TASK GOAL: As the answer, give exactly the lines of the records below from the one with "11023 E Arbor Ave, Mesa, AZ 85208 photo 1" through the one with "Volvo V60 2.4", ends included and pictures left out.
───── DATA FOR THIS EXERCISE
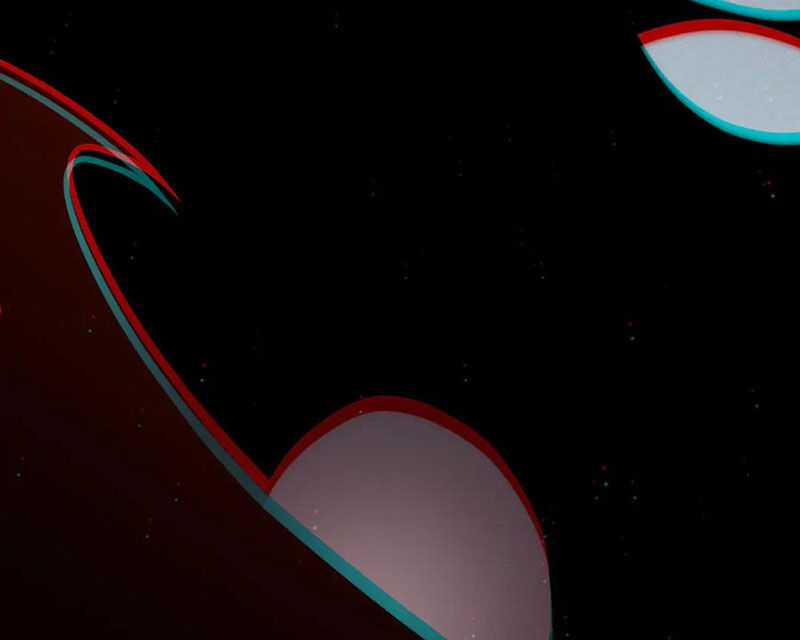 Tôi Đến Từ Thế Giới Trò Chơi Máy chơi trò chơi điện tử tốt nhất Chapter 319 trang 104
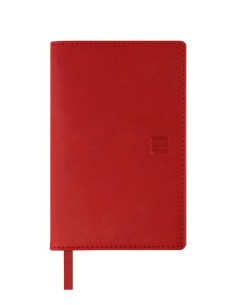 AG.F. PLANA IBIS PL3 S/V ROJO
──────────
───── DATA FOR THIS EXERCISE
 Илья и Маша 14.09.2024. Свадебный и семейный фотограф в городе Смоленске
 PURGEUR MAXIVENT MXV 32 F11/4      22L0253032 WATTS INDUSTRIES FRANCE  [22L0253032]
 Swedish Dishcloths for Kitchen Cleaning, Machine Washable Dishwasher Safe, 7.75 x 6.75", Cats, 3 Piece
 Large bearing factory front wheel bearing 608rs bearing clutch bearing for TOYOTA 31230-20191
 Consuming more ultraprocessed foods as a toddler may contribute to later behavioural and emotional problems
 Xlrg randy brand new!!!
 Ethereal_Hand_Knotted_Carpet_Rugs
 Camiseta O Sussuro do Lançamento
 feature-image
──────────
───── DATA FOR THIS EXERCISE
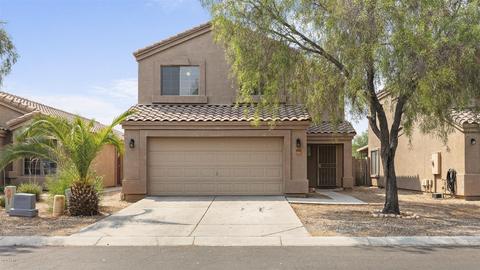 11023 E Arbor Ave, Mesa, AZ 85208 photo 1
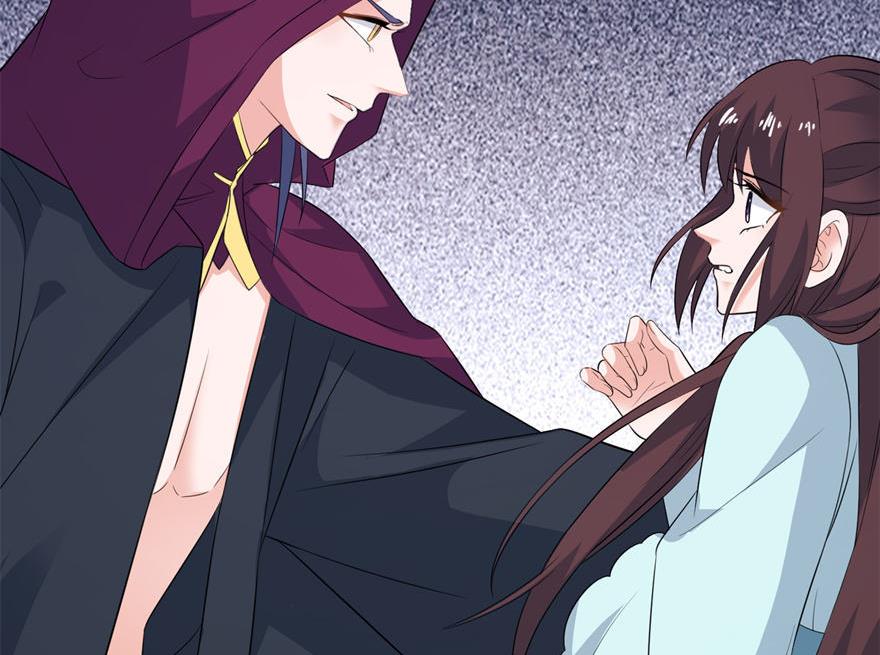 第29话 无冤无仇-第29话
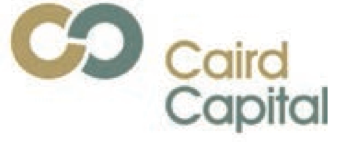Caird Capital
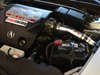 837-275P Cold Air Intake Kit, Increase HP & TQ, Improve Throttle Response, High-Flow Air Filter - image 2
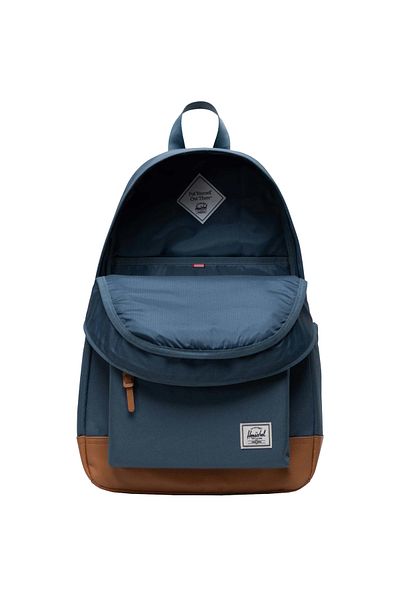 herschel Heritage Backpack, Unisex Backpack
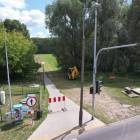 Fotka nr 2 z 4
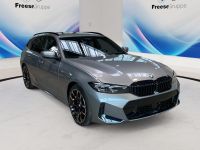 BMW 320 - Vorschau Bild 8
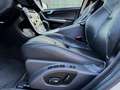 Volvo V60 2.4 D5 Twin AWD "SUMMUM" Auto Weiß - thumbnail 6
──────────
ANSWER BELOW:
 11023 E Arbor Ave, Mesa, AZ 85208 photo 1
 第29话 无冤无仇-第29话
Caird Capital
 837-275P Cold Air Intake Kit, Increase HP & TQ, Improve Throttle Response, High-Flow Air Filter - image 2
 herschel Heritage Backpack, Unisex Backpack
 Fotka nr 2 z 4
 BMW 320 - Vorschau Bild 8
 Volvo V60 2.4 D5 Twin AWD "SUMMUM" Auto Weiß - thumbnail 6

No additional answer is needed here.